In Example 2, the subject matter of Example 1 includes, wherein the rider is an employee of a first enterprise and, prior to using the productivity metric in the calculation to determine the first portion of the overall ride fare to be allocated to the rider: receiving, over a network, an indication of approval for using the calculation to determine an amount of a ride fare for a rider employed by the enterprise.


In Example 3, the subject matter of Example 2 includes, wherein the memory storage device is storing additional executable instructions thereon, which, when executed by the processor, cause the system to perform additional operations comprising: allocating to an account of the enterprise a second portion of the ride fare, the second portion being the amount of the overall ride fare remaining after allocating the first portion to the rider.


In Example 4, the subject matter of Examples 1-3 includes, wherein the virtual work environment facilitated by the network-connected autonomous vehicle comprises: a network connectivity service facilitated by the autonomous vehicle and for use by the rider in connecting a computing device to a public network; an input device and one or more displays providing the rider with access to a suite of cloud-based productivity software applications; and a combination thereof.


In Example 5, the subject matter of Examples 1-4 includes, wherein the activity attributed to the rider using the virtual work environment is determined by a productivity sensing system of the network-connected autonomous vehicle, the productivity sensing system configured to generate the productivity metric by: monitoring network traffic associated with a network connection provided by the autonomous vehicle to determine an amount of the network traffic associated with work being performed by the rider, wherein the productivity metric is based on the amount of network traffic.

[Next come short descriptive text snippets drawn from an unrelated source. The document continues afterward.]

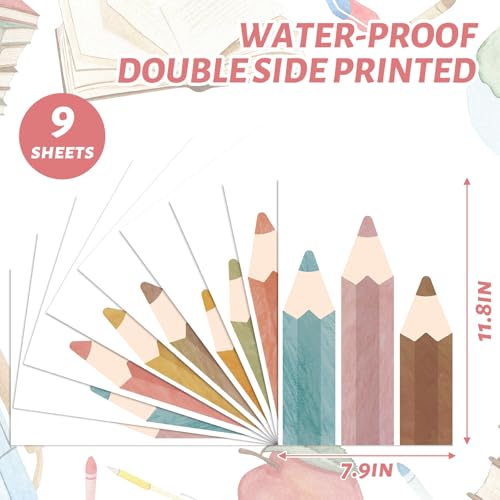 Image of Whaline 9 Sheets Boho Pencil Window Clings Back to School Watercolor Pencil Window Stickers Double-Sided Reusable Glass Decals for First Day of School Classroom Party Decoration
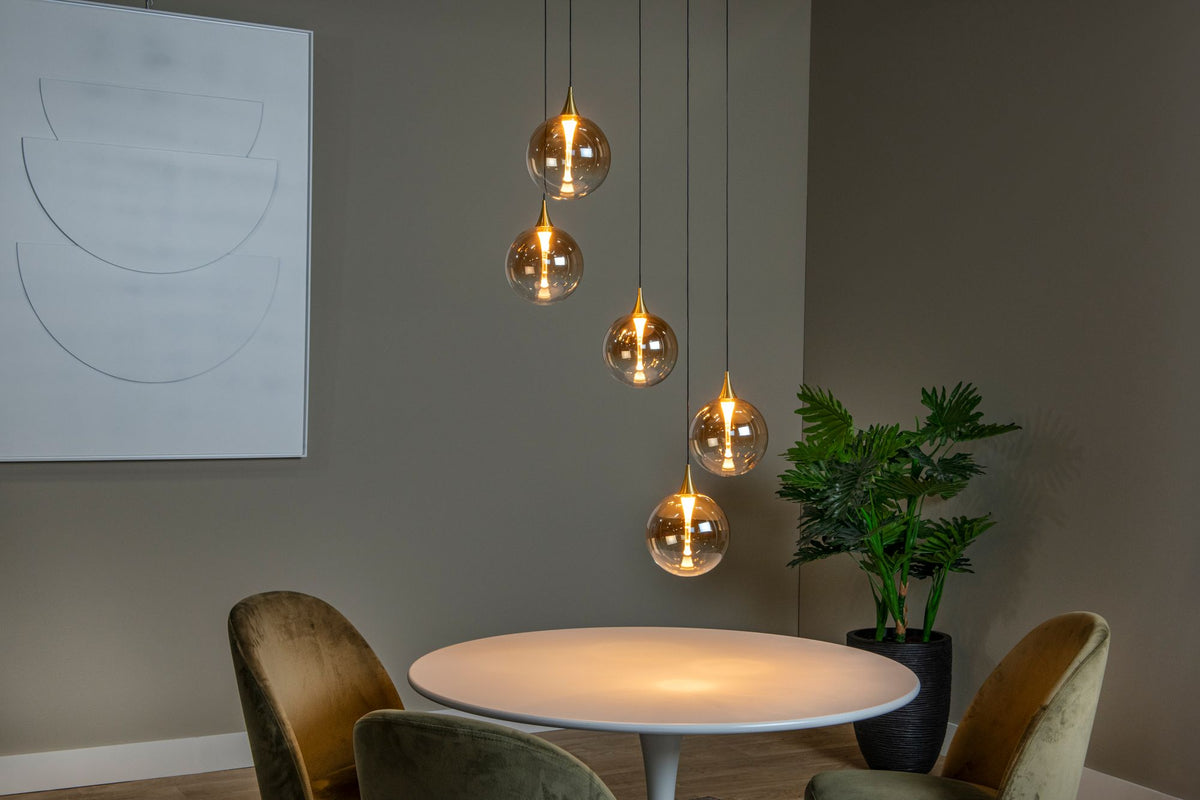 LED-Gisela pendant light 5-light dimmable glass amber 48cm (3)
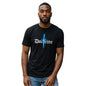 Doctrine Black Men’s T-shirt With Blue Print On It Size XXL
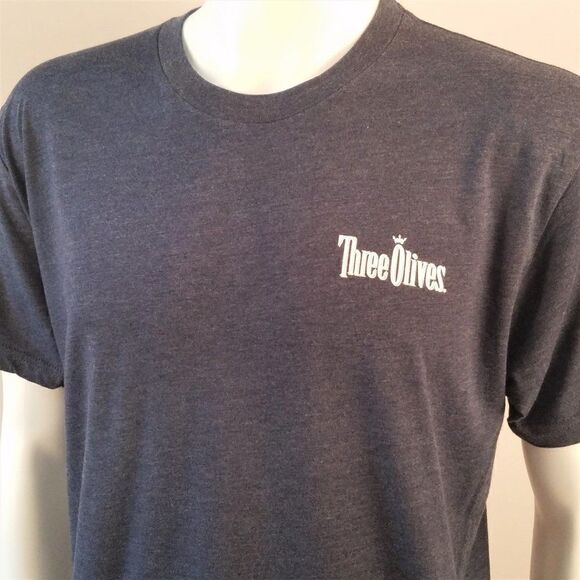 Three Olives Vodka Tee Shirt Heathered Blue - Picture 2 of 8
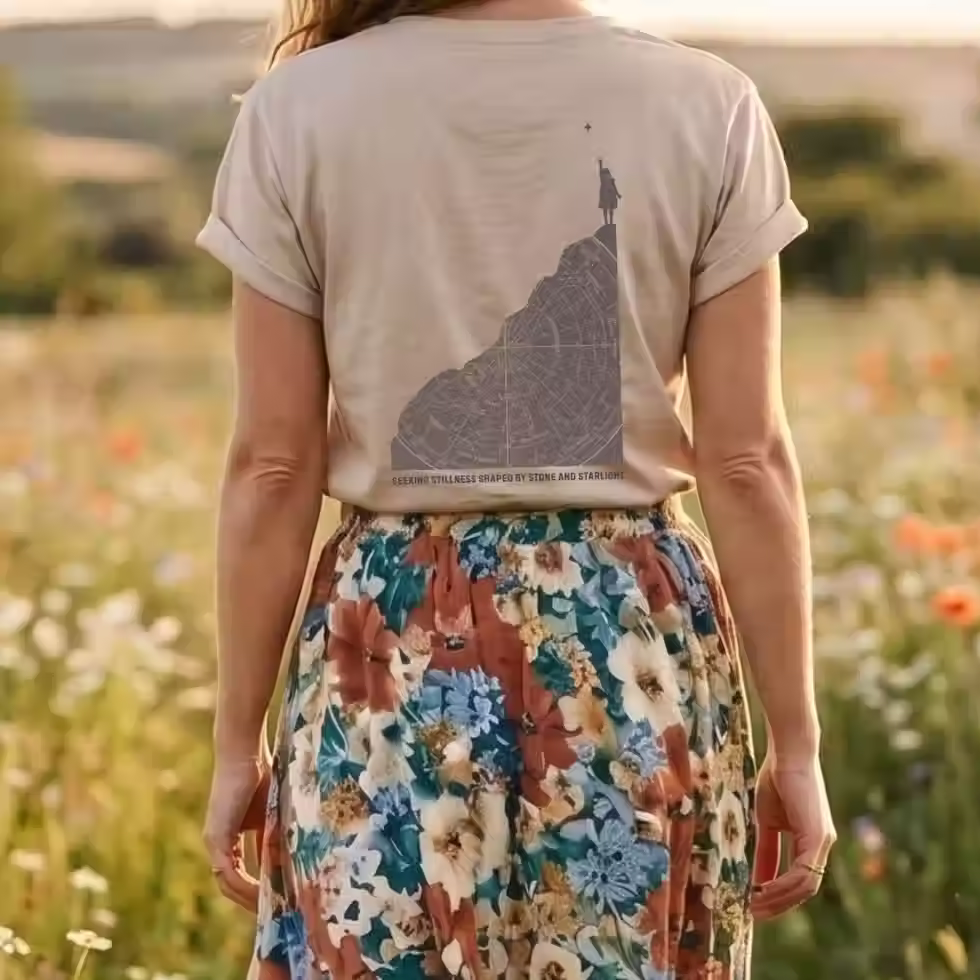 Woman wearing Seeking Stillness Shaped by Stone and Starlight Spiritual Awakening Shirt - back or shirt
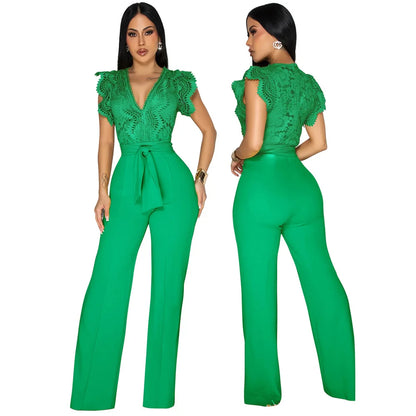 Summer Fashion Lace High Waisted Jumpsuit Women Elegant OL Lace Sleeveless Waistband Straight Jumpsuit Women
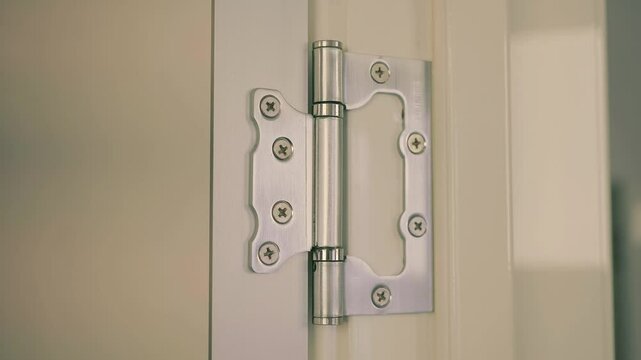 Modern chrome shiny butterfly door hinge on white door jamb. Closeup. Shot in motion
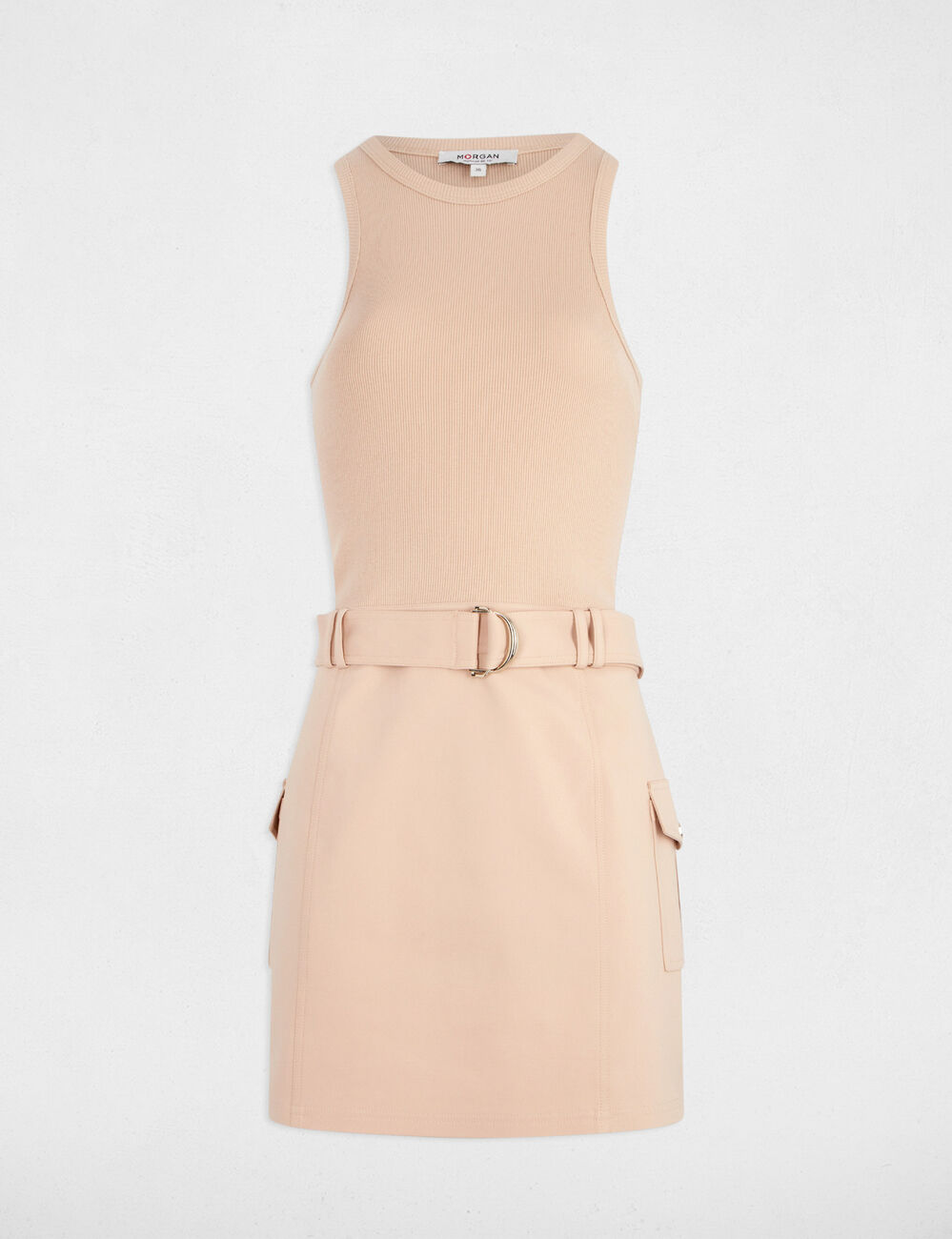 Robe courte ajustée ceinturée beige femme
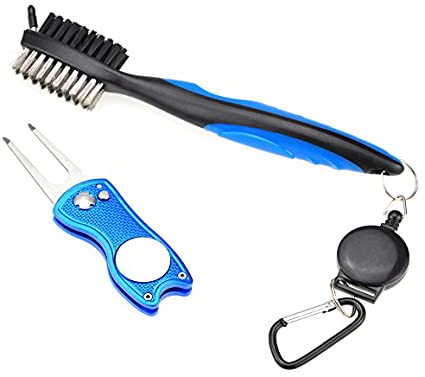 Mile High Life All Metal Foldable Golf Divot Tool with Magnetic Ball Marker & Club Groove Cleaner with Brush and Retractable Extension Cord Combo Set (2 Pack Multi-Colors)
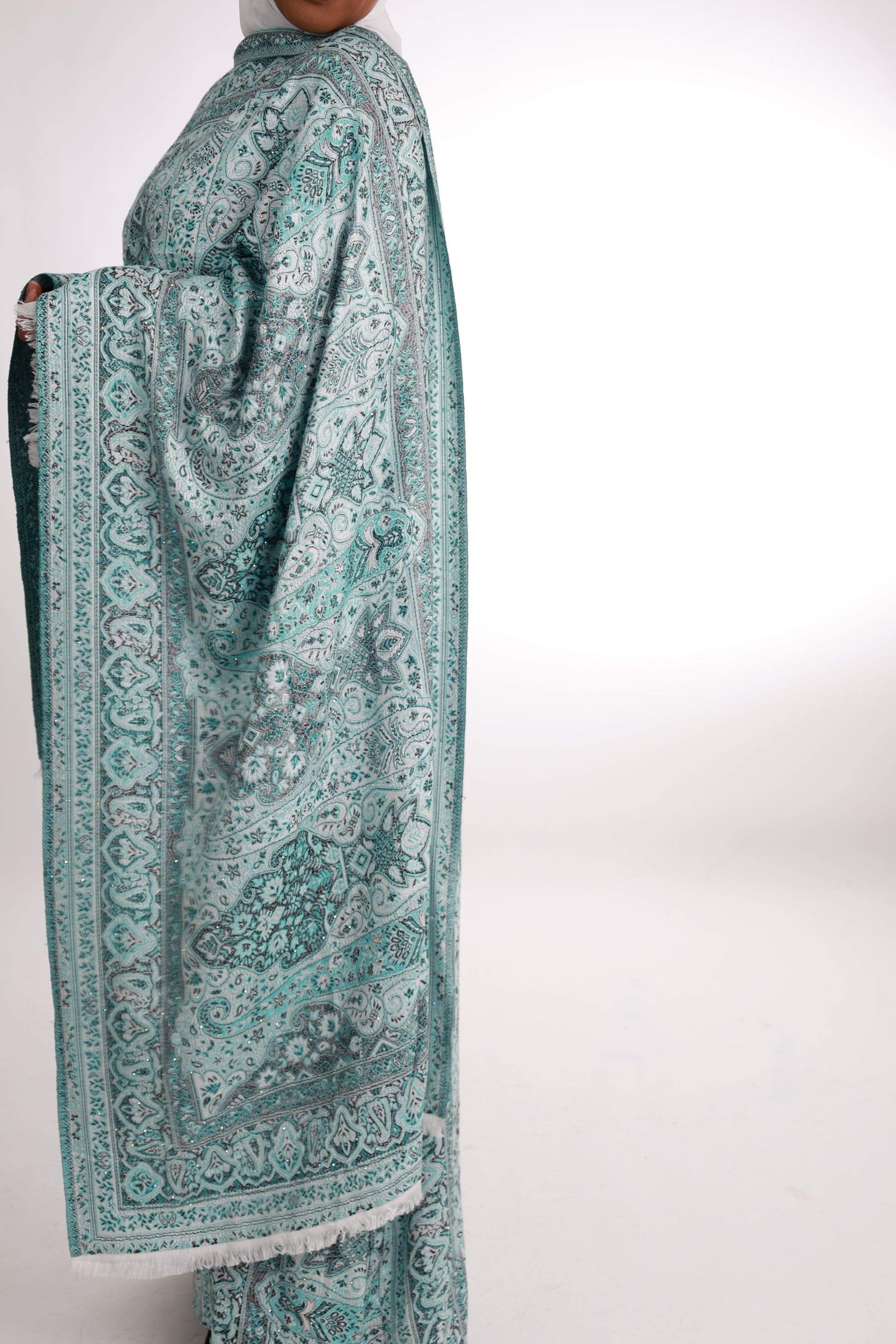 Pure Cashmere Abaya with stone detailing and matching shawl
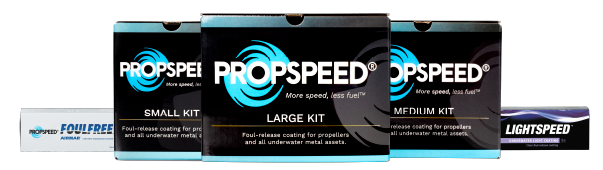 Propspeed's product line packaging; Propspeed, Foulfree, and Lightspeed
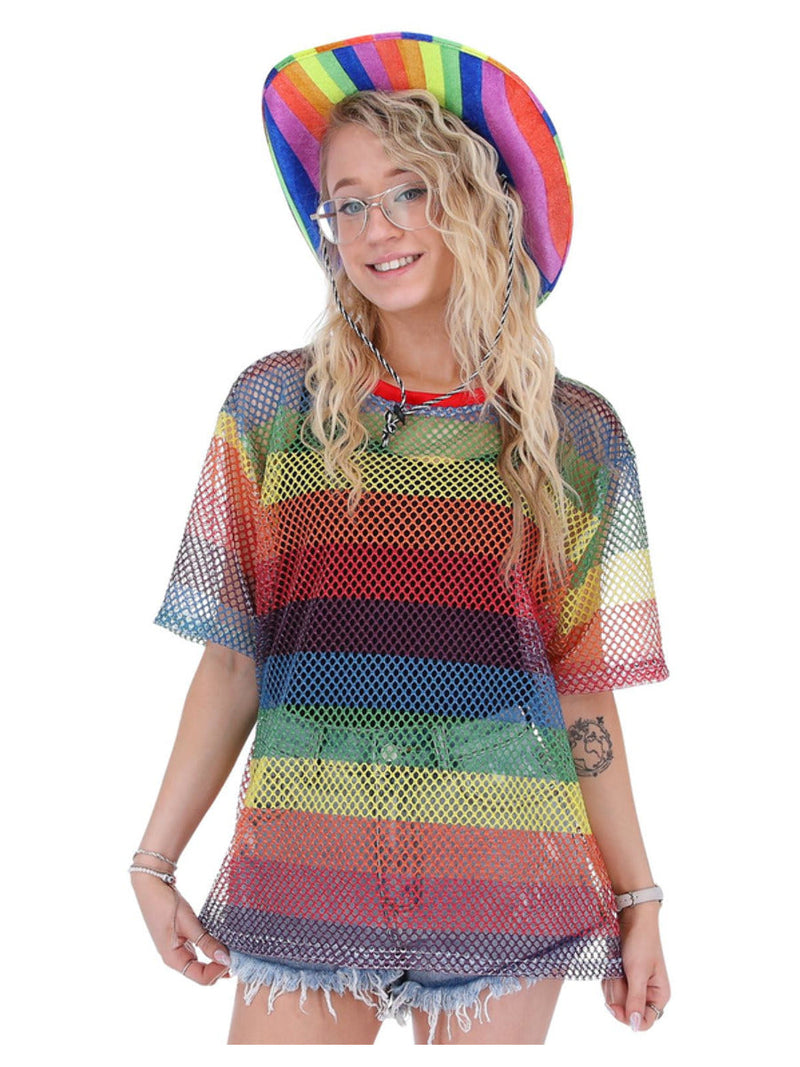 Rainbow Mesh Top T Shirt Pride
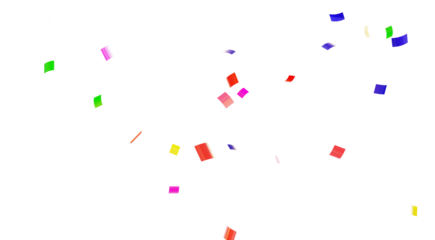 Multicolor confetti abstract background, Realistic Confetti on transparent PNG Festive decorative tinsel element for design. Colorful confetti explosion isolated on transparent background. 3D Confeti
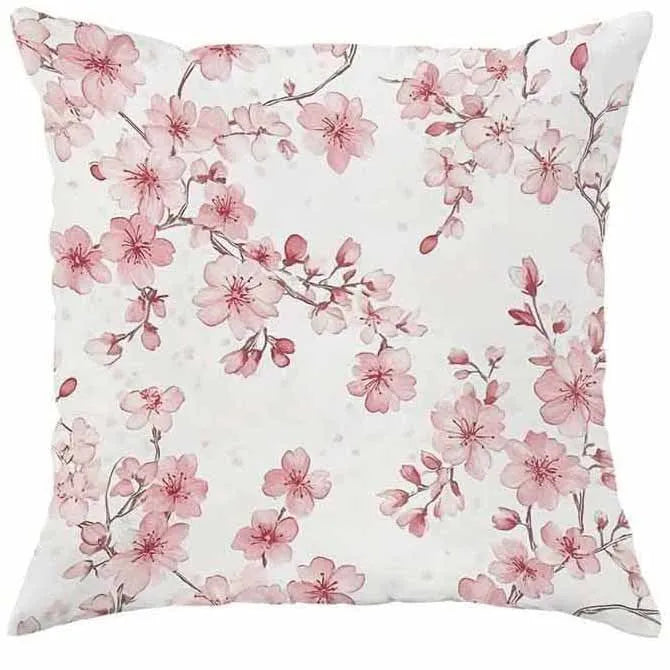 Square short velvet cushion cover with spring cherry blossom pattern, 45cm size.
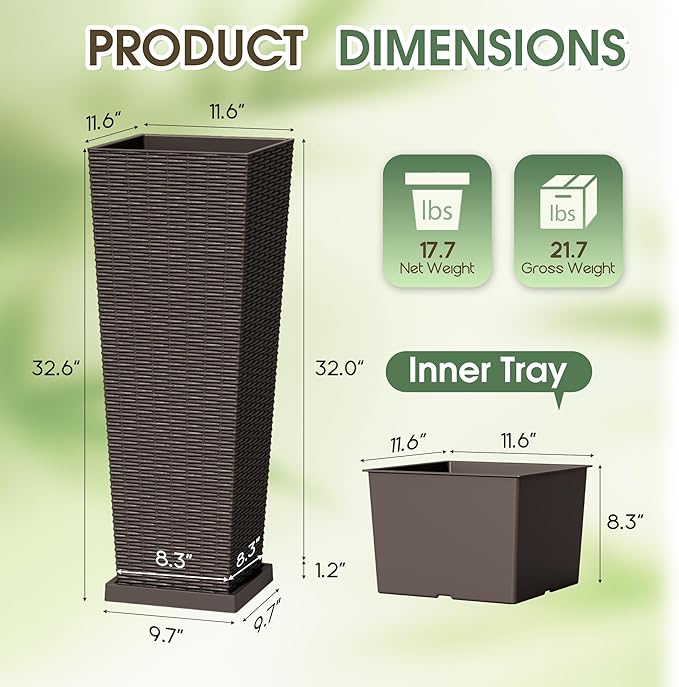 Set of 2 Tall Plastic Planters with Saucer, 32 Inch Height Pots with Drainage Trays, Brown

In Example 6, the subject matter of Examples 1-5 includes, wherein the activity attributed to the rider using the virtual work environment is determined by a productivity sensing system of the network-connected autonomous vehicle, the productivity sensing system configured to generate the productivity metric by: capturing images of the rider within the interior of the autonomous vehicle using one or more image sensors; providing the captured images as input to a pre-trained computer vision model that is configured to analyze the captured images and determine, based on analysis of the captured images, when the rider is performing work within the virtual work environment; generating the productivity metric based on output of the pre-trained computer vision model indicating an amount of time the rider was determined to be performing work within the virtual work environment.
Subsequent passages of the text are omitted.